_What this task involves_.
Please take the lines from the one holding "GAP Regular Trousers in Black: front" through the one holding "画像7: Vintage USA" in the data below and copy them exactly.

_Extracted records_.
=== Section Start ===
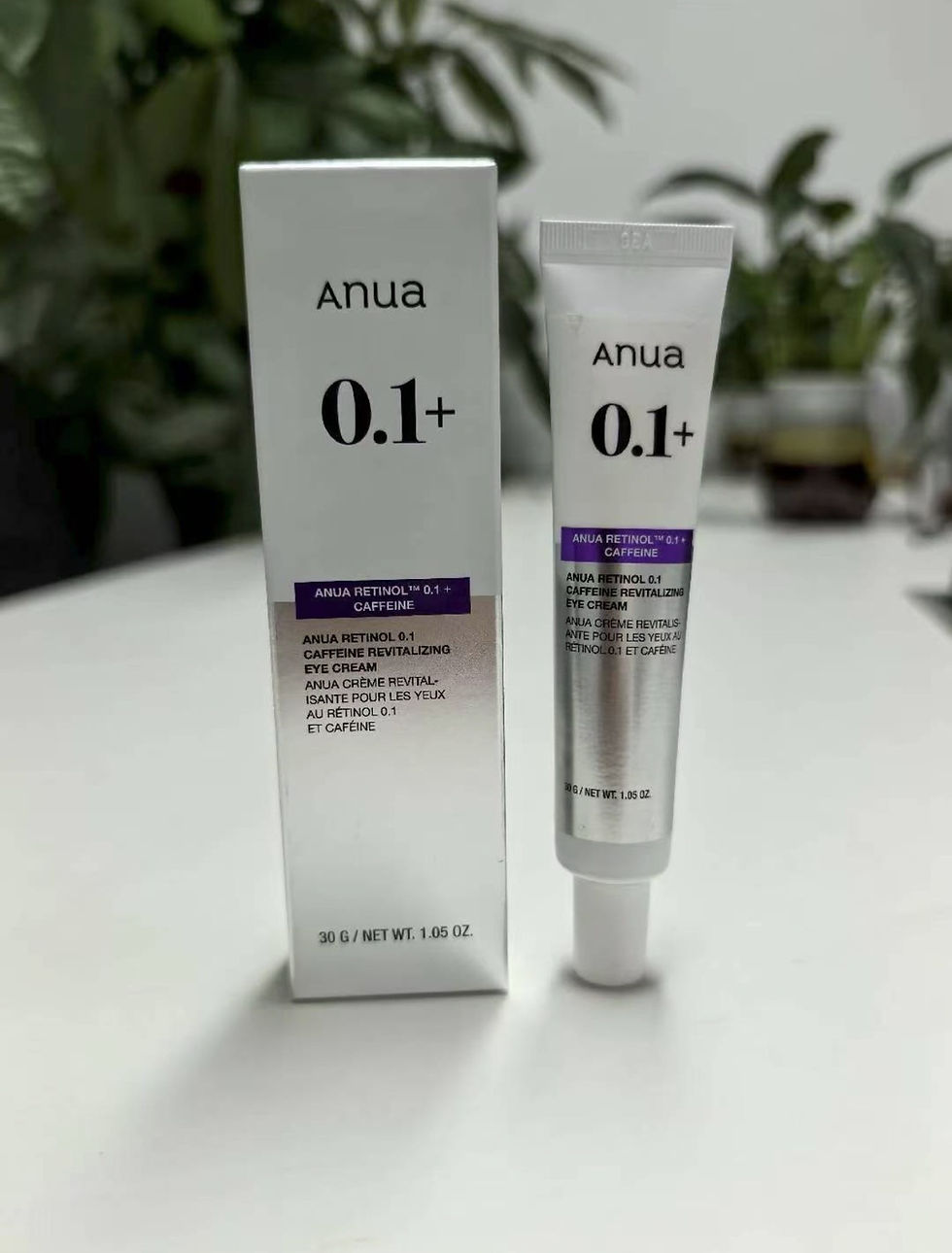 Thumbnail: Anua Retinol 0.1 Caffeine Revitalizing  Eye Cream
=== Section End ===
=== Section Start ===
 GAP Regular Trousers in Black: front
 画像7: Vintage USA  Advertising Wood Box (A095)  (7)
=== Section End ===
_Expected answer_.
 GAP Regular Trousers in Black: front
 画像7: Vintage USA  Advertising Wood Box (A095)  (7)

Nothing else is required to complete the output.